Ecrire au jour le jour : le temps de l’écriture comme matrice de la pratique

Dans sa forme accomplie, l’écriture quotidienne et systématique n’est attestée dans notre corpus que dans le cahier professionnel de Demba Coulibaly dont nous avons commenté plus haut une page consignant les détails de son « activité » (cf. supra 2.3.1.2 - Doc. 3). Il s’agit, dans l’horizon du contrôle, de notations régulières où à une date correspondent un lieu de travail (colonne « villages » 497 ) et des activités (colonne « obsèrvations »). Dans la première colonne (« dates ») apparaissent toutes les dates consécutives durant la période concernée par cette page (du 09/08/1965 au 31/08/1965). Si l’on se réfère à la distinction des manières de tenir chronique effectuée par Jack Goody et rappelée plus haut, on observe qu’il s’agit d’une notation systématique : ce n’est pas l’événement qui guide l’écriture, mais la succession uniforme des jours. Même le repos hebdomadaire est signalé comme tel : « jour Dimanche ». Quand une même activité se poursuit sur plusieurs jours, elle est tout de même signalée pour chacun des jours concernés, par l’expression « Même devoir ». La liste des jours dans la première colonne reproduit une grille calendaire. Au sein de cette institution qu’est la CMDT, où il est entré en 1963, Demba semble pris dans un cadre disciplinaire fort. Le contrôle s’exerce directement, par voie hiérarchique (ce qui apparaît dans ce cahier dans l’inspection par son supérieur, déjà commentée), et indirectement, dans l’obligation qui lui est faite de rendre compte de manière exhaustive de son emploi du temps journalier. Le fait que les jours chômés apparaissent dans la liste, pour être indiqués comme tels suggère un quadrillage serré du temps, qui est a priori un temps de travail, de « service » selon l’expression qu’utilise Demba à l’oral. Il est ainsi amené à s’excuser de son inactivité forcée : « Empêché par la pluie », « Traite ma toux ». Dans ces formulations où l’usage de la prise de notes apparaît incomplètement maîtrisé, se fait jour une hésitation entre la notation personnelle (que serait la forme : « j’ai traité ma toux ») et le style télégraphique qui fait ici fonction de norme, et dans lequel l’énonciateur s’efface. La concision semble la règle, avec pour résultat une grande homogénéité des notations qui occupent pour chaque jour une ligne et une seule.
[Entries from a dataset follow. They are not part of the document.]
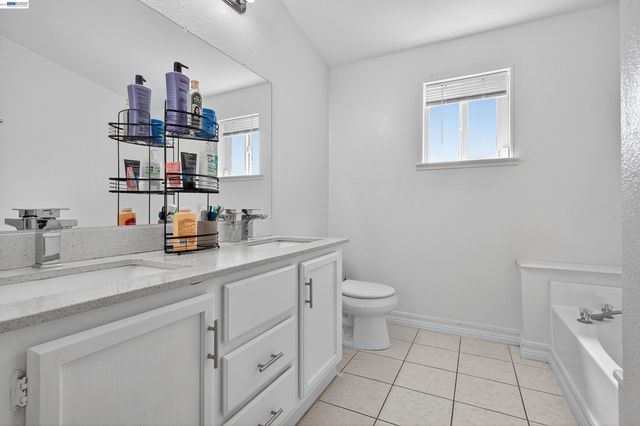 628 S 17Th St, Richmond, CA 94804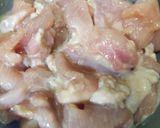 Foto langkah ke 2 dari resep Chicken Karaage (Ayam Goreng Ala Jepang) beserta tips.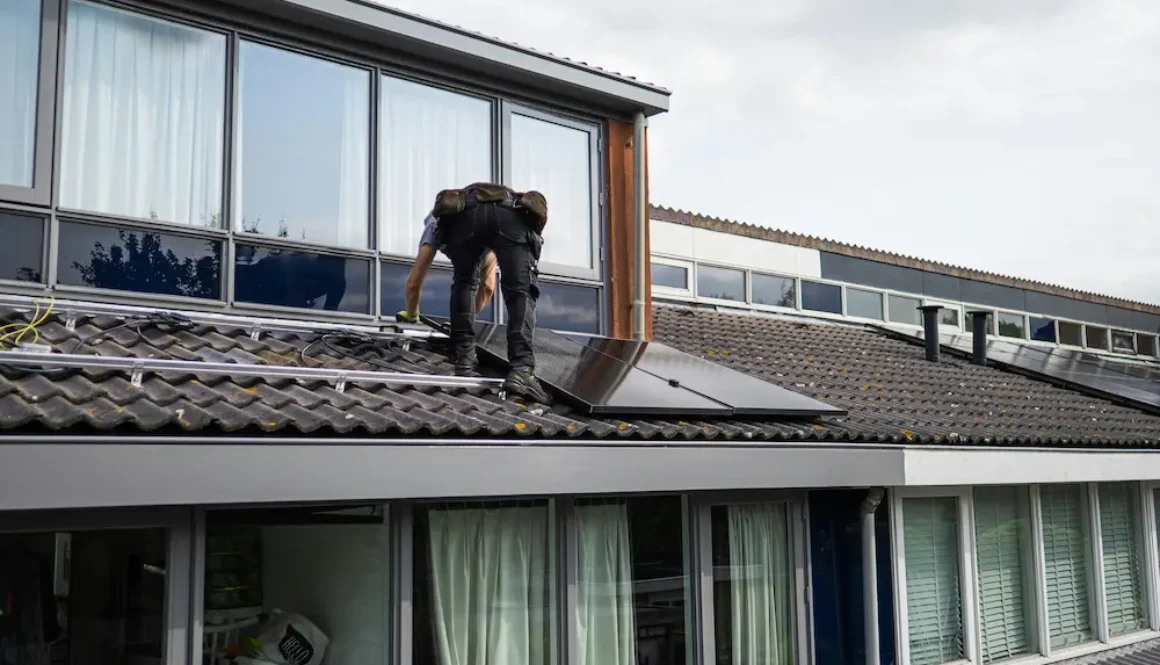 rooftop-solar-panels-kerala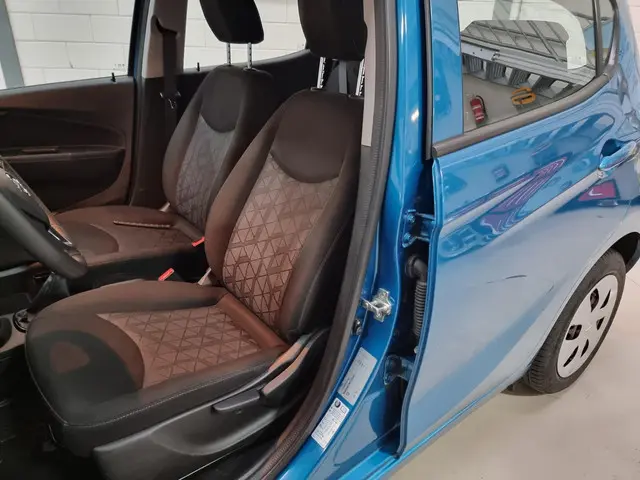 Opel KARL 1.0 ecoFLEX 120 Jaar Edition 2019 Benzine 4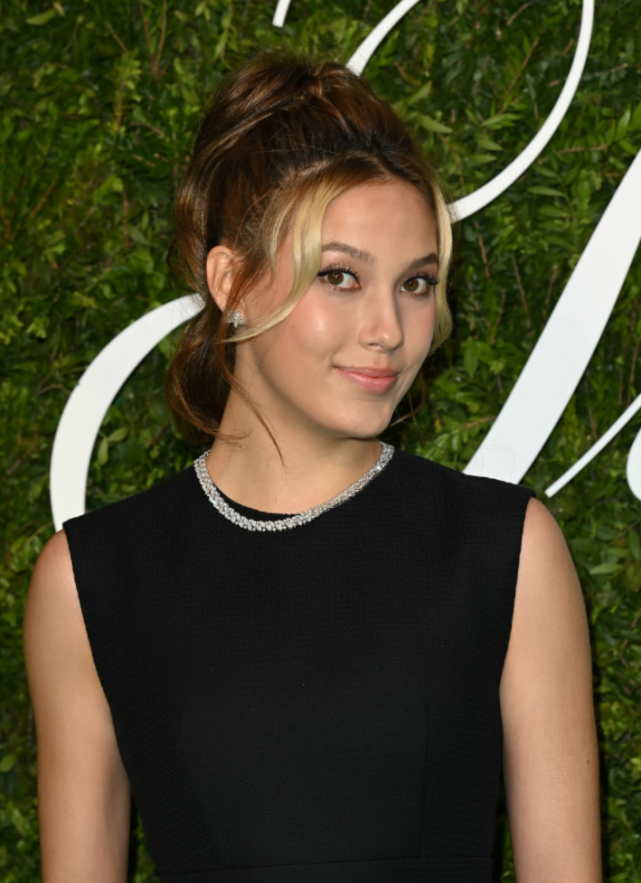 破案！谷爱凌“合影”奥黛丽赫本，致敬+模仿，女神在传承？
Dans une telle pratique, le temps de l’écriture, qui suit scrupuleusement le calendrier civil, est le fil directeur de l’écriture, avec une injonction forte, ici professionnelle, à l’écriture quotidienne. Nous avons signalé que la régularité ici déployée fait figure d’exception, mais que ce dispositif se retrouve sous des formes plus souples dans d’autres pratiques professionnelles. Ce modèle professionnel n’est toutefois pas repris dans l’écriture des cahiers, contrairement à ce que décrit Nathalie Joly concernant les carnets d’agriculteurs français qu’elle a étudiés. Au terme de l’analyse des huit monographies d’agriculteurs de Haute-Saône qu’elle présente dans sa thèse, elle constate qu’« écrire journellement s’énonce pour tous comme une règle » (JOLY, N. 1997 : 288). Elle cite cette déclaration forte d’un de ses enquêtés : « Une page blanche, c’est comme s’il ne s’était rien passé ». Sur notre terrain, cette injonction à une écriture quotidienne n’apparaît pas dans les cahiers personnels. Cette première configuration, l’écriture réglée sur le calendrier, est donc d’usage exclusivement professionnel 498 . En revanche, la chronique au gré des événements est une forme qui structure la plupart des cahiers.

Notes
497.

Dramane Coulibaly, en tant que chef de ZAF, avait sous sa responsabilité un ensemble de villages.

498.

Du moins sur notre terrain. La question de l’influence du genre des tarikh, chroniques attestées dans les cultures lettrées de l’islam, sur les écrits étudiés ici ne peut être abordée faute de données. L’enquête est à poursuivre sur ce point.